Task force to combat sexual violence on campus


Source - Richmond Times Dispatch

Acknowledging that universities in the past may have put their image first, Gov. Terry McAuliffe on Thursday established a task force to combat “startling and saddening” sexual violence that affects one in five women on campus.

McAuliffe said the presidents of all the state’s public colleges and universities have signed a declaration committing to “aggressively address” a national problem that he pledged Virginia will take the lead in solving.

The task force will be chaired by Attorney General Mark R. Herring, who cited a report that state lawmakers have remained on the sidelines despite an increased federal focus on Virginia campuses.

“That inaction cannot continue, and it ends now,” he said.

The task force will look at the problem “from every angle” to identify best practices to minimize risk and to foster a “survivor-centered response.”

The state will not tolerate sexual violence, Herring said, and “we will not accept a societal culture that condones it.”

Victims who come forward, Herring said, should “never feel further victimized by a response that is inadequate, suspicious or judgmental.”

The statistics are “appalling and behind each number is a story of a young person whose life has been changed forever,” Herring said.

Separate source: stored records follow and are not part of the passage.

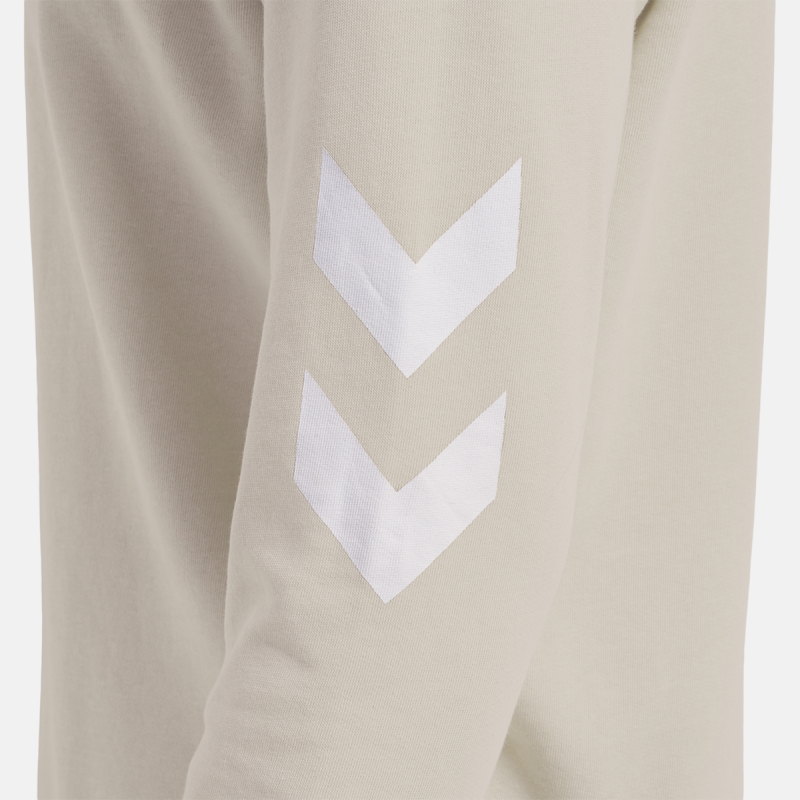 Sweatshirt Unisexe Hmllegacy - Gris Claire Hummel212571-1116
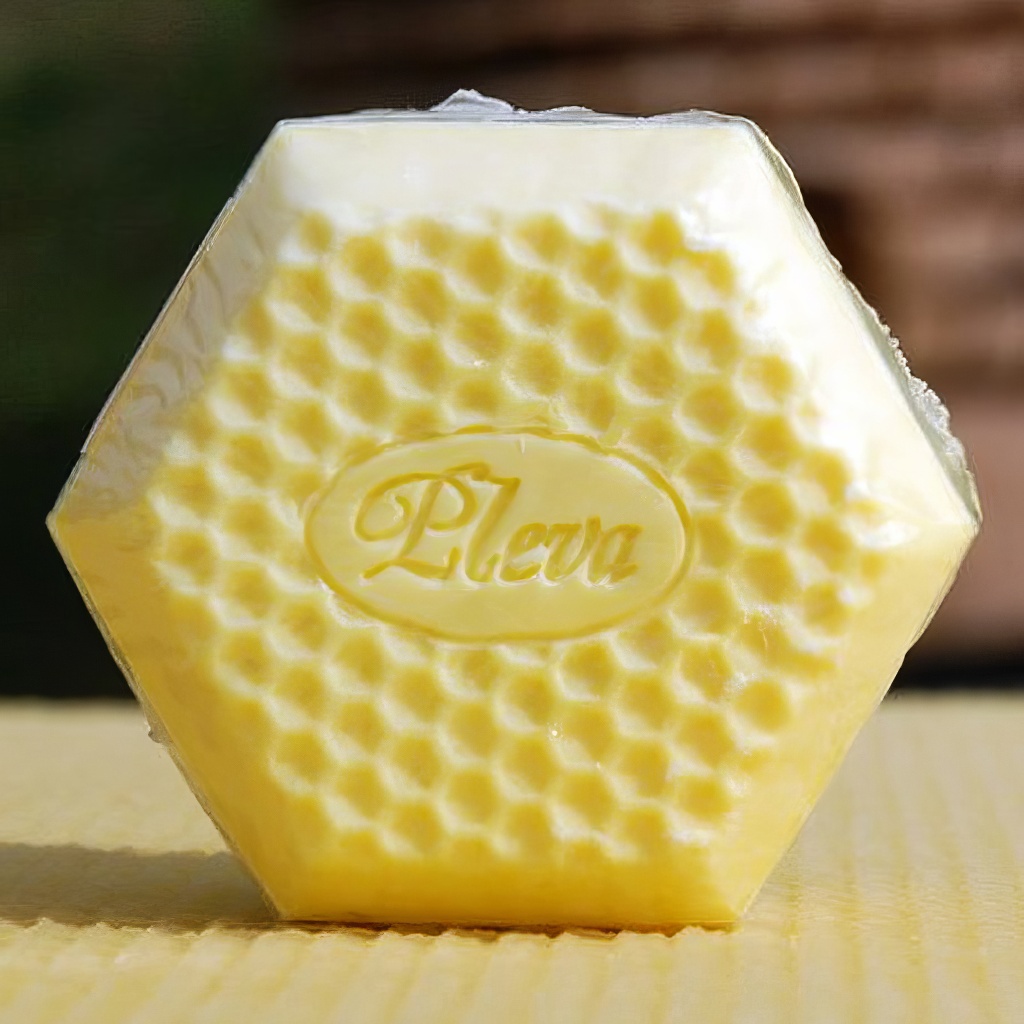 Pleva Honigseife - 95g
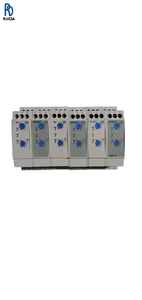 PLC Controller Sensor Phase Sequence and Phase Loss Protection <b>Relay</b> Brand New Original NJB1-X - Product Image 1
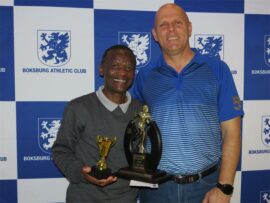 BAC Awards and AGM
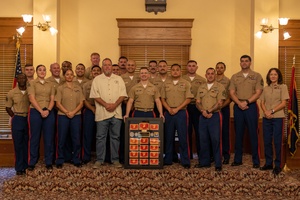 Col. Ted Studdard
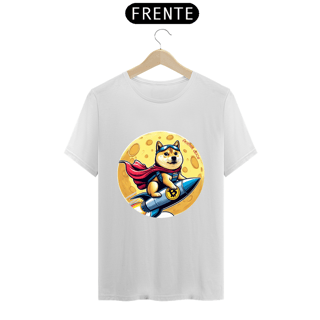 Nome do produto CAMISETA T-SHRIT PRIME, BITCOIN SHIBAINU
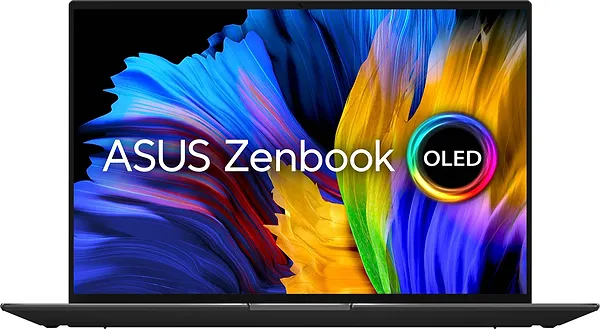 Фото - Уцінка - Ноутбук Asus UM5401QA-KN004T Black #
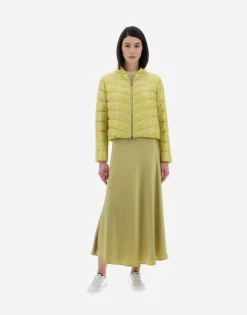 Herno Resort Bomber Jacket In Nylon Ultralight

One of those young people spoke on the state Capitol steps at the signing ceremony for the executive order establishing the task force.

“I am here because sexual assault defined my college experience,” University of Virginia graduate Emily Renda said, as it has for “thousands of other survivors.”

“Today, we are here because we know we can do better,” said Renda, who will serve on the task force.

The task force will provide “urgently needed action” to consolidate efforts statewide to “protect the next generation of scholars,” she said.

After the ceremony, Renda, who has written about being raped by another student in the fall of her first year at U.Va., said she waited too long to come forward, which she noted is the case with many survivors.

By the time she spoke up, her assailant had transferred, she said.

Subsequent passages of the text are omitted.